И он снова дернулся от боли.
– Расслабься, я уже заканчиваю. Крепко тебе врезали, считай, раскроили все лицо.
– Ублюдки… – последовала новая вереница яростных ругательств и оскорблений, заставившая донью Брихиду перекреститься. – Я потерял сознание. А когда пришел в себя, то увидел, что очутился в пустой вонючей каморке. Меня держали там несколько часов без питья и еды…
Помогая мужу снять штаны, донья Брихида увидела, что он обмочился, но комментировать этого, разумеется, не стала.
– А почему тебя задержали, ты знаешь?
– Никто мне ничего так и не сказал. Но это точно были не штурмовики и не Гражданская гвардия. Просто какие-то вооруженные варвары.
– Как тебе удалось выбраться оттуда?
– Судя по всему, они выяснили, что я действительно врач, и сказали, что я могу отправляться домой и ждать там дальнейших указаний, – он повысил голос и отчаянно махнул рукой. – Дескать, они позаботятся поставить меня на службу Республике. Меня выкинули на улицу и отпустили у входа в метро, дав несколько сентимо на билет, – он понизил голос почти до неразличимого шепота, и донья Брихида вся обратилась в слух. – Ты и представить себе не можешь, какой стыд я пережил, возвращаясь домой, Луис, представить себе не можешь…
Его глаза налились слезами, но он сдержался, гордо поднял голову и засопел.

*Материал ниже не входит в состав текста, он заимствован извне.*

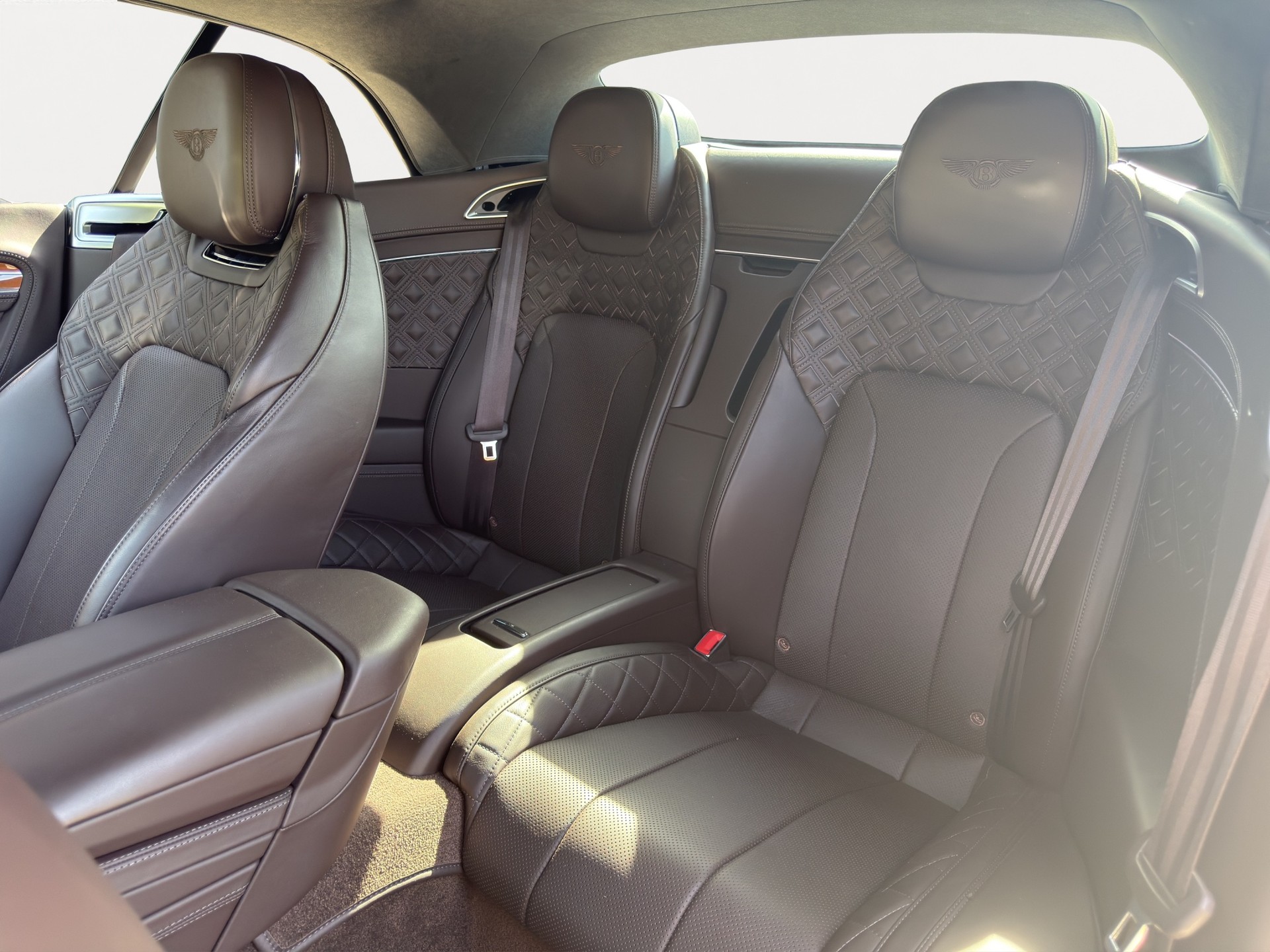 BENTLEY Continental GTC 4.0 V8-image-10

– У меня отобрали машину, одежду, украли часы и деньги.
Донья Брихида вздрогнула и прижала руку ко рту.
– Боже правый, и часы…
Никто не обратил на нее внимания. А дело было в том, что часы, которые ее муж носил в жилетном кармане, принадлежали ее деду, а после него – ее отцу. Утрата семейной реликвии отозвалась болью в ее душе.
– Что ж, Эусебио, так сегодня обстоят дела. Радуйся, что остался жив. Сейчас тебе нужно отдохнуть и забыть об этом неприятном эпизоде.
– Как только я смогу двигаться, я подам заявление на эту нахальную шайку.